I'm afraid you're quite lost.
Don't give me that look. Trust me when I say I understand exactly what you are doing here.
Perhaps you are curious about all the disturbing rumors or the uncanny lights you saw in the sky. Perhaps you are a spunky member of the superhero biased media looking to make a name for themselves.
There is nothing unusual to be found here. Especially not revolutions or mind-altering sorcery that comes from beyond the veils of time.
This is the webspace of a mild-mannered writer from the American Midwest who goes by the pseudonym “JM Guillen.” He writes somewhat passable science fiction, fantasy, and steampunk stories, has two dogs, and likes tacos a bit too much.
If you’re another one of those punk kids who think that they’re going to poke into the bowels of this website and somehow “gain the power to shatter the minds of men,” turn aside.
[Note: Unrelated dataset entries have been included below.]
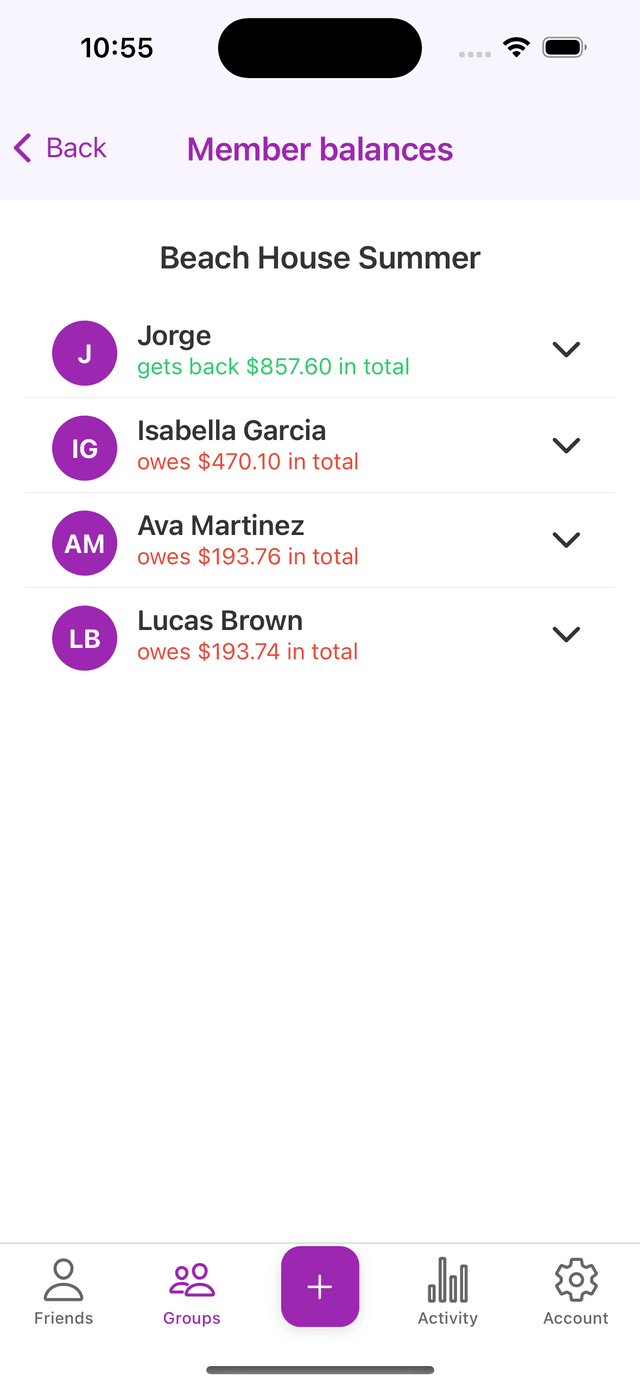Activity feed screen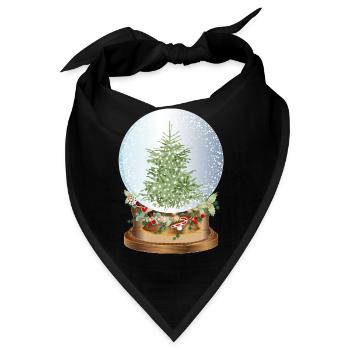 schöne nostalgische Schneekugel mit Weihnachtsbaum - Bandana - Schwarz - Vorne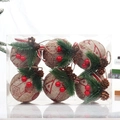 Set of 6 rustic Christmas foam balls with red burlap pattern and pine needle accents - 8cm Style 10 (Linen Red Flower Ball Boxed)
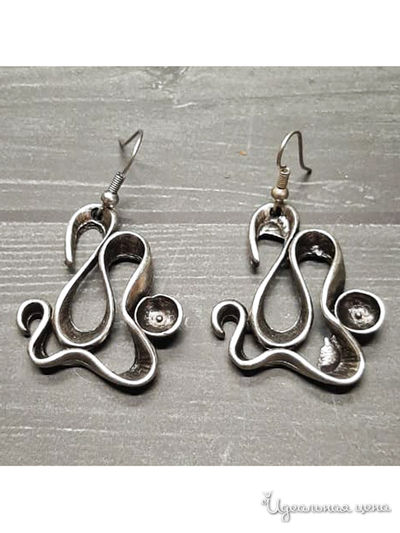 Серьги "Волна" De.lin`a, цвет Металлический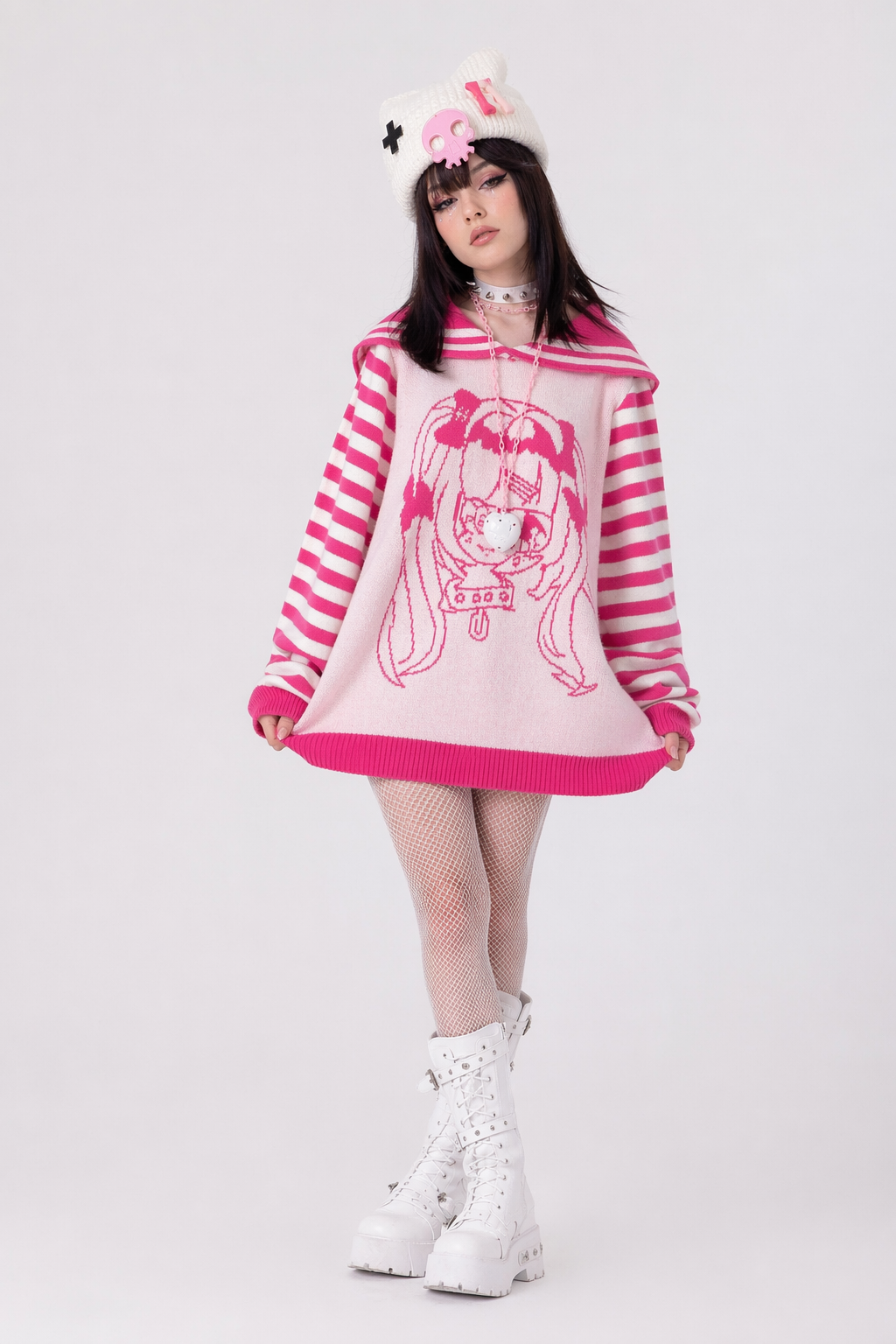 Striped eGirl Knit Hoodie for Anime and Kawaii Fashion Lovers Pink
If you are a government shill who is looking for leads on the revolutionary scheme, “THE OBSIDIAN CONUNDRUM,” then you’re wasting your time.
Perhaps you should check this out instead. Isn't that the kind of thing you'd rather be looking at?
All reports of JM Guillen “attacking St. Louis with a kraken” or “subverting an entire island nation to his will” have been blown out of proportion by those ass-crackers on late-night television . He does NOT “worship beings of outer darkness” or start cool revolutions to alter storytelling forever.
In fact, there has never been a single bit of evidence, not one photo-
Okay, I mean, that LOOKS bad, but it's obviously photoshopped. Regardless of the images that the media likes to bandy about to improve ratings, there's still no solid proof.
There's nothing to see here, and definitely NOT a band of super-powered evil doers who are planning any kind of revolution.
When he was young, JM Guillen lived in a Tibetan monastery, where he spent eighteen hours a day studying all the best kinds of ninjutsu. By the time he was twenty years old, he could totally kick your dad’s butt, he just didn’t want to.
BUT THEN THE MONASTERY WAS ATTACKED BY VOODOO PRIESTS FROM LEMURIA!
JM Guillen fled the massacre (along with his spirit animal, a white tiger named “Lazuli”), by using his ninja powers of invisibility. As the voodoo priests escaped in their helicopters, our hero shook his fist at the heavens, vowing that he would get revenge.
What followed was an arduous, three-year journey into the hidden crystalline caves beneath Mount Shasta. While there, JM Guillen learned of the five sacred sigils of Amun-bill, which he was able to use to summon five robotic lions from the deepest, darkest sections of space.
ONCE HE HELD MASTERY OVER THEM, THEY COMBINED TO FORM VOLTRON! WOW!
Now, using a combination of really bad-ass nunchucks, lost sorcery, and the powers of Voltron, he attacked the temple cities of Lemuria, and laid waste to the decrepit witch doctors that lived there. After their complete and total defeat, JM Guillen claimed the island for himself, renaming it “Mexlakovia.”
There he lives to this day, sitting in a darkened room, rubbing his hands together while muttering in the shadows.